I’m going to assume that Jesus is right about this Beatitude.  I know that sounds flippant, but to really understand it, I want to look at it from the standpoint of a brilliant speaker and organizer trying to get a complex point across to a field full of people.   I wasn’t around to wing in a follow up question so I’m going to assume Jesus did his homework and had some answers.  That seemed to be his M.O.

Here goes…

If I know that I am inseparable from the Kingdom – that it is in me and around me and cannot be removed from me in any way, ever, by any action or length of time – then I always have a refuge.  When I also know that I share Soulforce which is equal to, and ultimately the same as my persecutor – that in fact we share that Soulforce – then my place in the Kingdom cannot ever be usurped or taken away.  Even if I die, which all of us will, and which is a temporal thing, I have my place in the non-temporal Kingdom always.

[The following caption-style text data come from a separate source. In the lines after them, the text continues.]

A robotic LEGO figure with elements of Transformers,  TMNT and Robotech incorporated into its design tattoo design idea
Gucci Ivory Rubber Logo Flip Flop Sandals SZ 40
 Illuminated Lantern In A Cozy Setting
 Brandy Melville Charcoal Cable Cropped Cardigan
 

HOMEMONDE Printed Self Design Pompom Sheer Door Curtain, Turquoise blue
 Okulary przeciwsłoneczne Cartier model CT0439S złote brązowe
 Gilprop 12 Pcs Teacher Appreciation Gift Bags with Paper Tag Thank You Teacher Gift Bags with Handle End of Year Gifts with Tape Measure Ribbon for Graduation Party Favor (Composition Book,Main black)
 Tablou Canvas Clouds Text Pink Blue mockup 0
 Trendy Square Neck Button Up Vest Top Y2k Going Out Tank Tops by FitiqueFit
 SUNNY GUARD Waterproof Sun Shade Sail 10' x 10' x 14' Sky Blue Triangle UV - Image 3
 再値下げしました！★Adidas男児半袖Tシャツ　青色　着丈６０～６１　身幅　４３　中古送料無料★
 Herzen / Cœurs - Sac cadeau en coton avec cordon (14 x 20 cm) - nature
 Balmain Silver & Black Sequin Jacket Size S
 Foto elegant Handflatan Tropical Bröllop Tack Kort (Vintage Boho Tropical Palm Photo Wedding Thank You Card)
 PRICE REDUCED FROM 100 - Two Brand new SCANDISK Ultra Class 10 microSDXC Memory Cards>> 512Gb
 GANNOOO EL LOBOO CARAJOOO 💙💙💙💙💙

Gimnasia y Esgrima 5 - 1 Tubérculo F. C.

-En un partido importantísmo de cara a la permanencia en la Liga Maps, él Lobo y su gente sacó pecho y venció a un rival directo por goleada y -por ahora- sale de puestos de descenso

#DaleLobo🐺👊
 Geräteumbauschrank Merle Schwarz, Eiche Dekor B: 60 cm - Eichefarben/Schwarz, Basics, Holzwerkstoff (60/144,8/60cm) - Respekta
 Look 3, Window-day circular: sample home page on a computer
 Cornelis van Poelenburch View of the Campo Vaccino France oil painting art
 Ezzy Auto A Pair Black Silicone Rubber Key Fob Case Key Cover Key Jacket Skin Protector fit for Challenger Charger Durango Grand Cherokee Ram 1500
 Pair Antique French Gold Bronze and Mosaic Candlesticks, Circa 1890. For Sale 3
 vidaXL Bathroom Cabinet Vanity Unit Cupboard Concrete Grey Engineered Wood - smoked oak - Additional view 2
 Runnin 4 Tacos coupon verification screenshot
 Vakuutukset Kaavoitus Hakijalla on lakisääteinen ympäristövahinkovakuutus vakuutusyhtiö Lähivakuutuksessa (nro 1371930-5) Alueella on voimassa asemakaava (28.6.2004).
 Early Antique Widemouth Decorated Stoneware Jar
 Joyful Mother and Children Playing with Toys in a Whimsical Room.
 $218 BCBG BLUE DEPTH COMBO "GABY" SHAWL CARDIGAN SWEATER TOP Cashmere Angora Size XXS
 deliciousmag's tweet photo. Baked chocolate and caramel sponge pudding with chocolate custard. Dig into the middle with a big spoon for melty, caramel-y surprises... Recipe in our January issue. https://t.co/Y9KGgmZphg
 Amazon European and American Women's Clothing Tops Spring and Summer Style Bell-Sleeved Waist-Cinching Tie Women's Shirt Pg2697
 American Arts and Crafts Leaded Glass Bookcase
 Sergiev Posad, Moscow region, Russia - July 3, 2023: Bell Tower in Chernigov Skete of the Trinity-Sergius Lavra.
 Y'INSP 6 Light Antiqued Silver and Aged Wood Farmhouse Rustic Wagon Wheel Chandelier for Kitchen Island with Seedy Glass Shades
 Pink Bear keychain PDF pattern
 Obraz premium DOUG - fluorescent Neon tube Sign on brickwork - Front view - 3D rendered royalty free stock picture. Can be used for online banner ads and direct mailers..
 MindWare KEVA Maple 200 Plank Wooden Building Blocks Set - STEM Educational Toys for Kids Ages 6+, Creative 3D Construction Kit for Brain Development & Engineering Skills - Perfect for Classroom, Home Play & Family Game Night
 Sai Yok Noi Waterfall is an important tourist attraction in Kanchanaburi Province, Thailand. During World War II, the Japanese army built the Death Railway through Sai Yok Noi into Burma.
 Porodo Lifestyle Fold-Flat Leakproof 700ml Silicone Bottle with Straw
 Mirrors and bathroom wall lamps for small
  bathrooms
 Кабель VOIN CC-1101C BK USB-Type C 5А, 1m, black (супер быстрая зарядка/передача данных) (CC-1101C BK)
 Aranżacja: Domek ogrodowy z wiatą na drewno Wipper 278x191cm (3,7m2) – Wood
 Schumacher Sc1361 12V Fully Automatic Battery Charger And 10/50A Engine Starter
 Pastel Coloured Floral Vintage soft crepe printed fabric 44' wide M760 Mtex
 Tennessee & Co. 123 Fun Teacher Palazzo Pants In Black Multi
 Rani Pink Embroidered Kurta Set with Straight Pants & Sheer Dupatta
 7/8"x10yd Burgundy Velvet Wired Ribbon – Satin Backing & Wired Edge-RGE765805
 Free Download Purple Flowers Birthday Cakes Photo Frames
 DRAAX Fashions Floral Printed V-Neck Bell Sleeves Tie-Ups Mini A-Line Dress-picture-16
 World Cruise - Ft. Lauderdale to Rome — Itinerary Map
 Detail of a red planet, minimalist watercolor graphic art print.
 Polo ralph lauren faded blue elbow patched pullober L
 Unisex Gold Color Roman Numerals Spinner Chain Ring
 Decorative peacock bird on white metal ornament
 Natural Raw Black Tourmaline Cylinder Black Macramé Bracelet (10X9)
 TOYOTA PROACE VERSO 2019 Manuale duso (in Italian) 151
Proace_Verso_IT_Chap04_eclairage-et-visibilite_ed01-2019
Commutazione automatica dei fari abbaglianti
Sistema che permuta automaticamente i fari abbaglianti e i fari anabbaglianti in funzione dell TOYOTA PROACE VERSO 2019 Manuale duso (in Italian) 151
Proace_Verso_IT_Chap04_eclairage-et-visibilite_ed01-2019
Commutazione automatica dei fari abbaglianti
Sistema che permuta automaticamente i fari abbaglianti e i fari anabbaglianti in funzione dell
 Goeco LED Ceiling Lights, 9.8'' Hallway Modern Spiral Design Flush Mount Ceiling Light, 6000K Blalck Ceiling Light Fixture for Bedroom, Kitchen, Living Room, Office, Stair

If that is true, in every case, if I am persecuted for that knowledge, and my actions resulting from that knowledge, I am blessed in the assurance that both I share in the eternal, immutable divinity of life.

Blessed are those who are persecuted for righteousness’ sake, For theirs is the kingdom of heaven.

OK.  Maybe it makes sense now.  Maybe?  Or too complex?  Can you make it simpler for me?  What do you think?